Week 15 is Aries. Aries is a "masculine " sign- It's rather depressing, but this means it's a extrovert or "positive" sign, not necessary a "guy". Seems like a slam to all those wonderful women born in this time frame each year, but I didn't set the astrological rules. Still, after last weeks' hubby watch design, it's gotten me to think more about design jewelry for males. Or more specifically, jewelry that either sex could wear without feeling out of sync. So when I set out to make this pendant, I was keeping that concept in mind. I used 14 ga copper ( copper is the Aries metal) and then spent quite a bit of time texturing it. I made the rings and alittle bail to hang it on with 16ga. It's very simple, which I think would allow a male Aries wear it, yet pretty enough that a female might enjoy owning it also.
For Week 16 I made these copper washer earrings. Now they seem very simple to the casual eye, but they represent a great deal of work.
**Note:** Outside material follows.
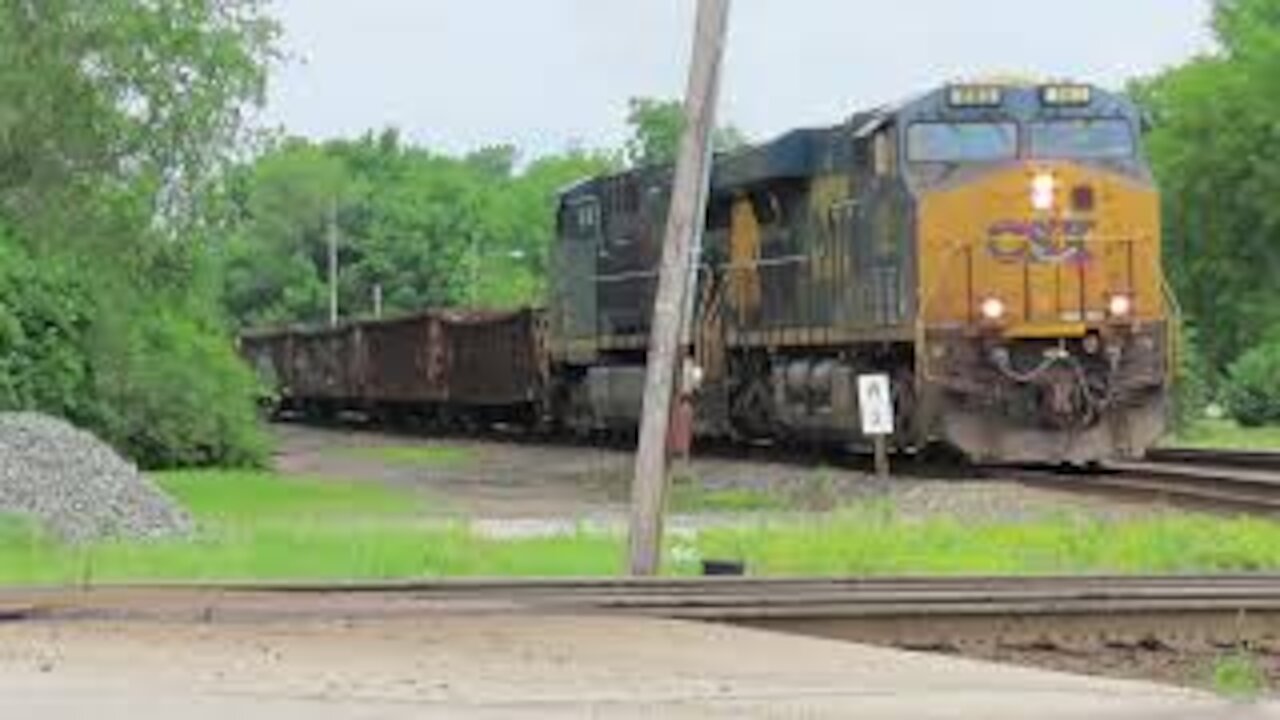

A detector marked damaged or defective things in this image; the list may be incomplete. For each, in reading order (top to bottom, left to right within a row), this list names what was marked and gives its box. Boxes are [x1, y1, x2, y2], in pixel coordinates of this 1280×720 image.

Let's start with the washers. I got these through Harbor Freight, and my first attempt to texturize them fail miserably. The washers are rock hard, no bend in them at all.. So I set them aside for a couple of months.
Enter my metalsmithing class at the local art center. I know that metal comes in different tempers, but in the class the teacher demonstrated how to change metal from work hard to dead soft - and easy to work with - again. I remembered the washers!! So I annealed a handful of washers, and boy, does that make a difference trying to hammer them. I thought the first time my hand was going to fall off!! (let's try an experiment.. get a penny and pound it with a hammer.. you might dent it, but it's seriously hard. that's exactly how the washers were)
Delighted, I decided I wanted a light, almost matte sort of texture for these earrings. I've always wanted to make my own texture hammers, so I got out my dremel and went to town on a cheapo hammer. Now I'm not all that used to power tools, certainly not to alter steel.. so what happens when you touch steel to steel, especially if some of the steel is moving at 35,000 rpm's ... you get sparks. duh! I wasn't expecting sparks.. infact to keep the mess down in my studio I'ld laid newspapers about 2 inches under and around where I had the hammer... fortunately I didn't catch my studio on fire, and i"ll be prepared the next time. But I was really nervous there for a while. It was worth it, I got exactly the effect I wanted with my new hammer. It's interesting though, the texture on the hammer head gets pounded in with each use.. so at some point I'll have to retexture it. ( I'll skip the newspaper and just clean the floor next time.. or better yet take it downstairs to the torch area where it won't hurt anything if it sparks) I used crystals and quartz crystal. I've made a 2nd pair for sale in black crystals.. used different hammers on the washers. I just love to play with my hammers!!